Descritores: gravidez; bebidas alcoólicas; saúde; estudantes de enfermagem

INTRODUÇÃO

No ano 2000, dados estatísticos da Colômbia revelaram que 15% das adolescentes de 15 a 19 anos já eram mães, e 4% estavam em período de gestação do seu primeiro filho, totalizando 19%(1).

Segundo um estudo desenvolvido em 2003 na Universidade Nacional da Colômbia, o país investiu mais de 1,2 bilhões de pesos como conseqüência dos casos de gravidez de adolescentes, cifra que corresponde aos custos do atendimento de saúde da mãe e do filho, e ao empobrecimento social que se apresenta como conseqüência da deserção escolar de algum dos membros do casal, com conseqüências para a vida produtiva. Este estudo reporta que um milhão de bebês e cerca de 70.000 mães adolescentes morrem a cada ano em países em desenvolvimento devido à maternidade precoce(2).

Por sua vez, o serviço médico estudantil da Universidade Nacional da Colômbia informa que atendeu 221 estudantes menores de 19 anos em 2003, em controle pré-natal, cifra que não representa totalmente a realidade, pois, toda vez que a Universidade exige afiliação a qualquer uma das EPS (Entidade Promotora da Saúde) ou ao SISBEN (Sistema de Identificação Social para Beneficiários de Programas Sociais) para a matrícula, muitos dos controles e partos passam a ser atendidos por estas entidades.

Além disso, vários estudos e relatórios estatísticos da Colômbia autorizam afirmar que a gravidez entre adolescentes é um problema de saúde pública, com implicações para a vida da mãe e do filho, agravando as conseqüências de um país arrasado pela pobreza, muito bem expressado em um estudo: a gravidez juvenil é causa e conseqüência da pobreza. Causa, pois a gravidez afeta o progresso educativo de maneira adversa; e conseqüência, pois a pobreza e a falta de educação incrementam a probabilidade da gravidez(3).

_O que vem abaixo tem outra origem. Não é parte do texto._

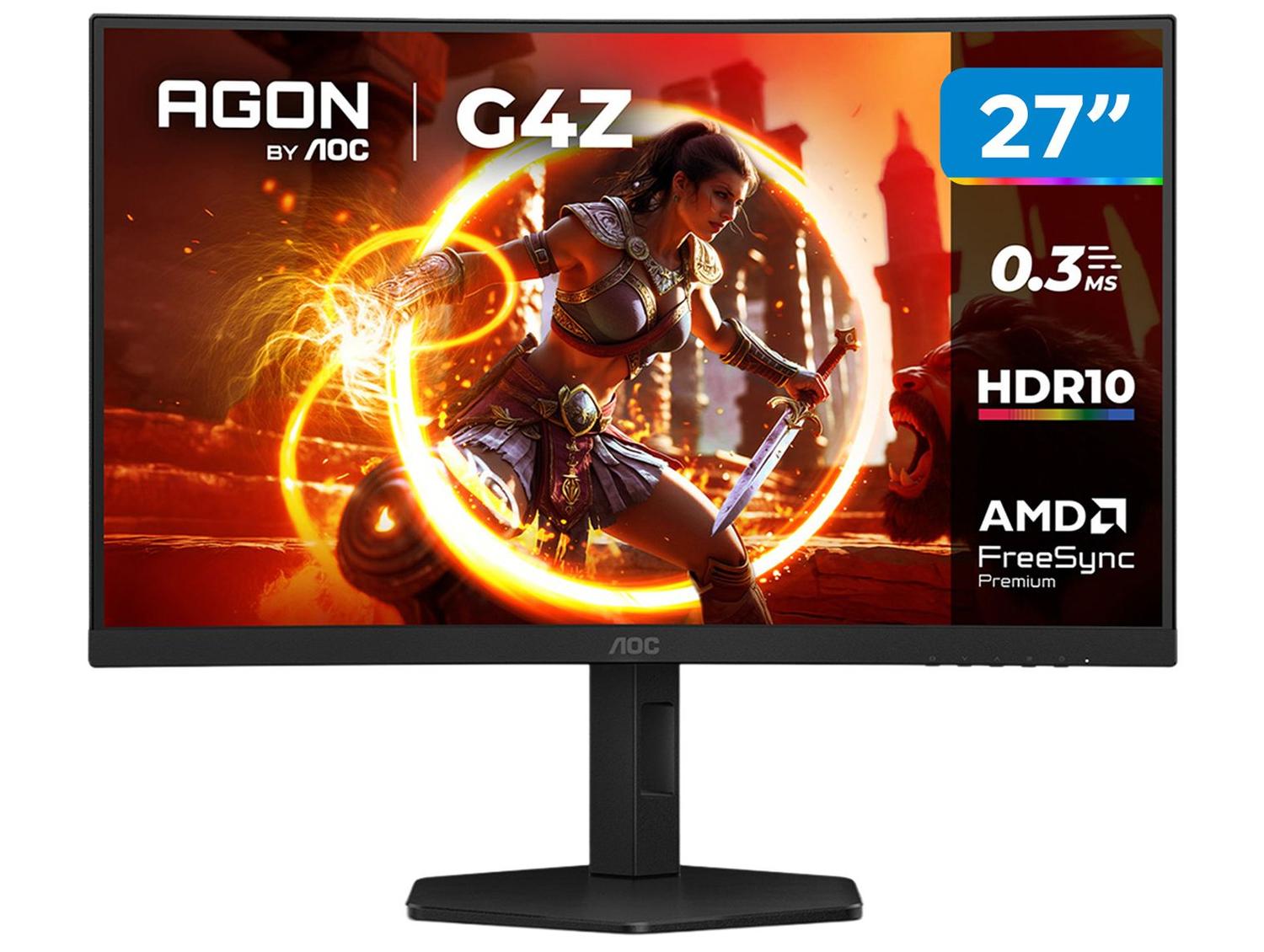 Monitor Gamer Curvo AOC Gaming C27G4Z/P 27" Full HD 300Hz 0,3ms HDMI C27G4Z/P/57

A literatura indica os impactos psicossociais mais facilmente previsíveis da gravidez precoce: 1) deserção escolar, que por sua vez empobrece a possibilidade de um futuro de trabalho; 2) marcas emocionais deixadas por uma gravidez indesejada ou um aborto, com ou sem complicações; 3) dependência afetiva, econômica ou ambas; 4) maior vulnerabilidade das mães adolescentes à prostituição e exploração sexual, assim como a adquirir doenças sexualmente transmissíveis(3-5).

O estabelecimento educativo e a família são os campos que geram mais impacto sobre esta problemática(4,6). Estudos sobre a fertilidade adolescente indicam o papel importante da família no comportamento reprodutivo dos adolescentes. Igualmente para esses estudos, a despeito de, em 1993, o Ministério de Educação da Colômbia ter decretado a educação sexual como obrigatória, o efeito que a educação sexual oferecida nos colégios tem tido sobre o comportamento das adolescentes é limitado(6).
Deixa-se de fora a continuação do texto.